Perhaps, perhaps: the outrage I feel at such blatant exploitation of the holocaust and victimhood by some Jews and many supporters of Israel, the complicity of my government and my country’s media, the drive for justice, the upset I feel when with others who might be aware of this conflict but do nothing. As Martin Luther King, Jr stated, Our lives begin to end the moment we become silent about things that matter.

Also motivating me: the need to practice compassionate listening and viewing, to open my heart to a variety of perspectives and experiences, to discover opinions and facts new to me, visit new areas, meet new people, and endlessly develop my skills to photograph in that unique Mediterranean light.

Three examples of discoveries: first, in Sderot, trauma is virtually universal among the entire population. Despite the relatively low number of casualties and the relatively high degree of security, one exploding rocket multiples fear. Second, in Gaza, most people do not trust being happy. Why? Because they suspect their happiness will be short-lived. Either Israel will attack again, or Hamas will go to battle with Fatah or other political factions, or the siege will never end, or the world will continue ignoring their suffering. Third, conditions of occupation are easing in the West Bank, meaning travel is freer, checkpoints less restrictive. But as Palestinians point out, Israel could tighten restrictions in a flash, and one danger of eased conditions is encouraging people to ignore the fact that they remain occupied, without a nation of their own.
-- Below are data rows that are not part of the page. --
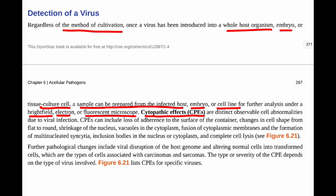The different microscopes used are based on the different cytopathic effects, or CPEs. Cytopathic effects are observable cell abnormalities due to being infected with a virus.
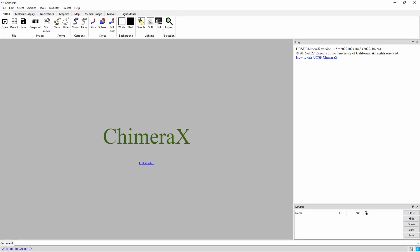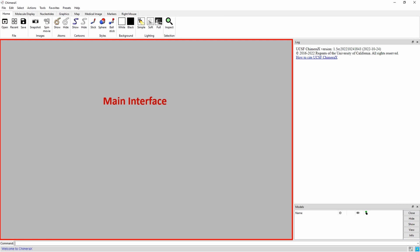Let's start by familiarizing ourself with the user interface. The main interface, highlighted in red, shows the model of the protein or DNA. Here, the model can be moved around using the mouse. The view it shows is what the image will look like if a snapshot were taken at that moment.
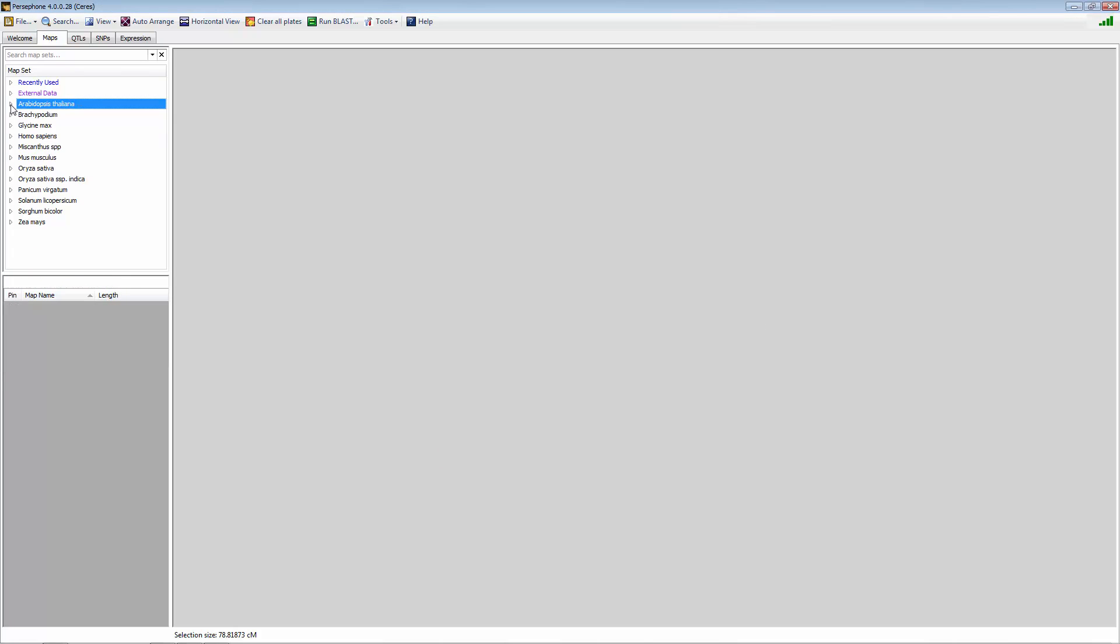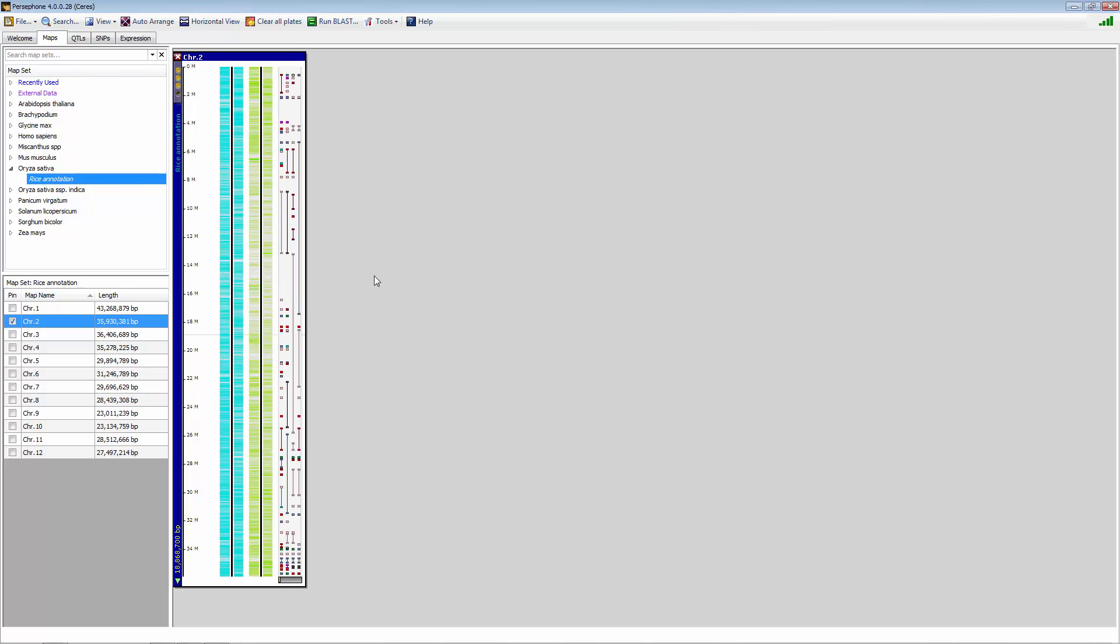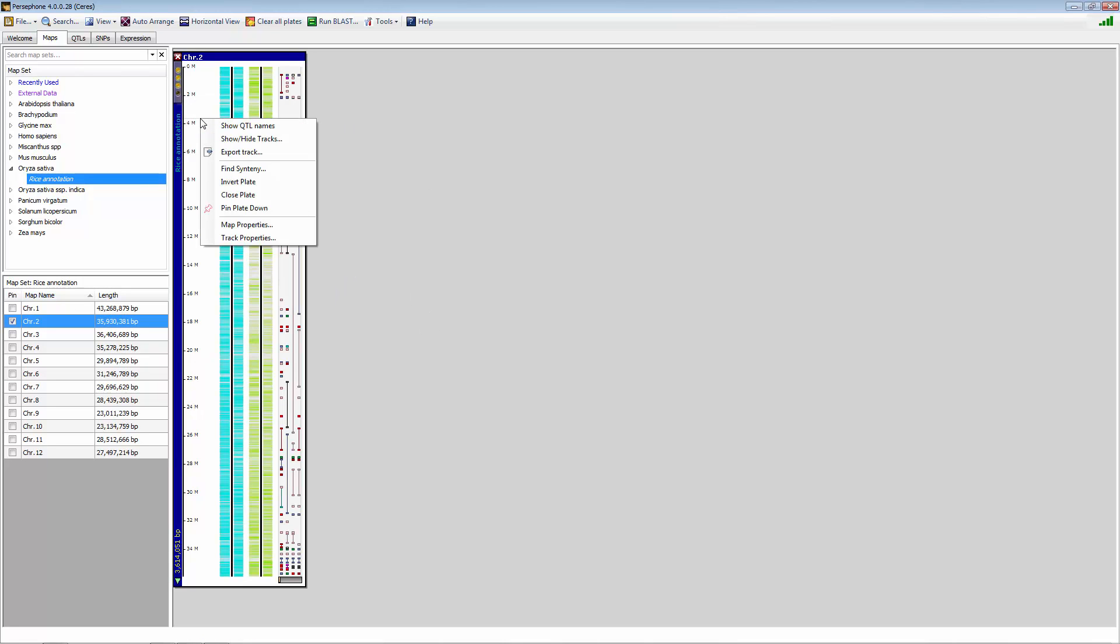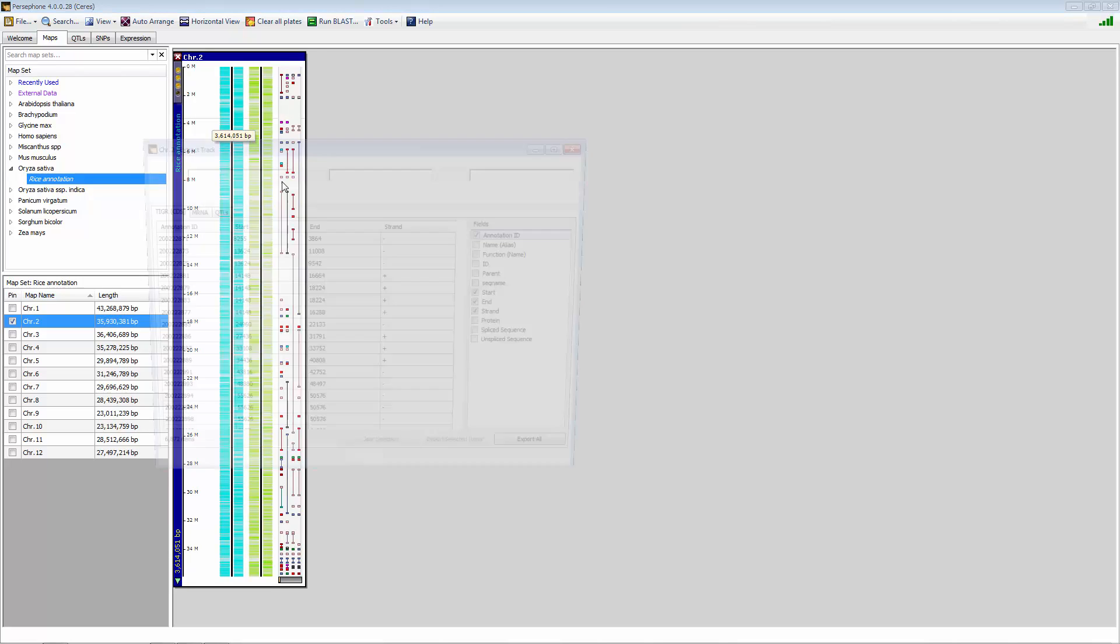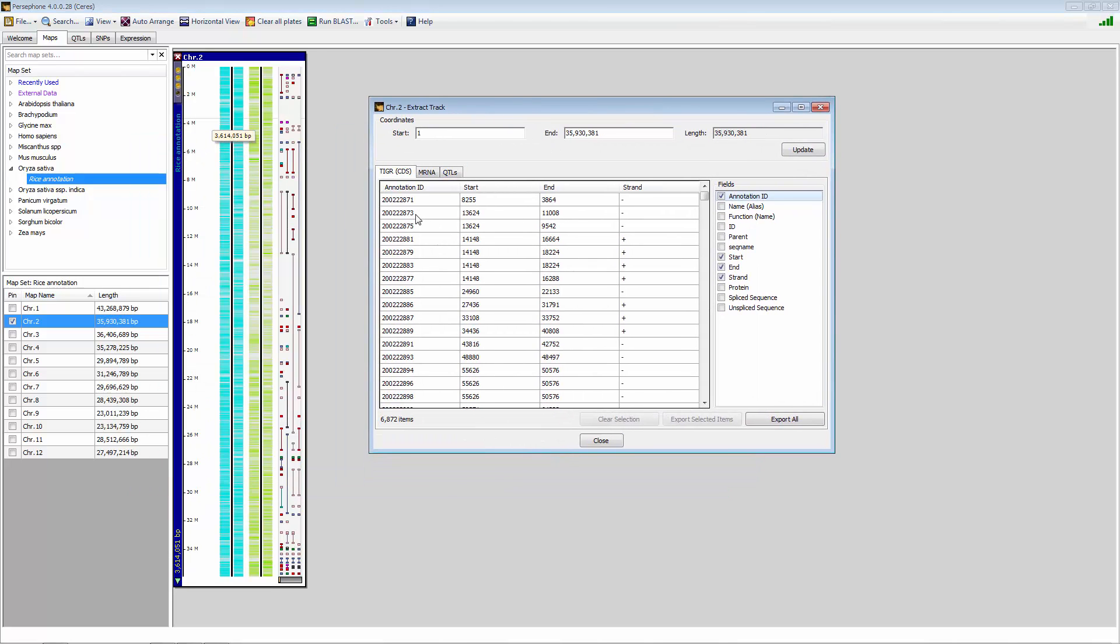The more common way to export is to actually select a chromosome. So in this example, we have chromosome 2. Once again, if you right click on the entire chromosome, you can actually export chromosome 2 and all the genes on chromosome 2, once again, for all the different tracks.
They are not free.

Thru my lens, I try to open my mouth—shout loud and clear—and hope others might notice and activate as they feel the call, if they feel the call. Many calls, choose one, get to work. Again as Martin said, A man who hasn’t found something he is willing to die for is not fit to live. Harsh words from this dear gentle person of non-violence, but true. A prophet’s words are often grating, exactly because they are true. They challenge us.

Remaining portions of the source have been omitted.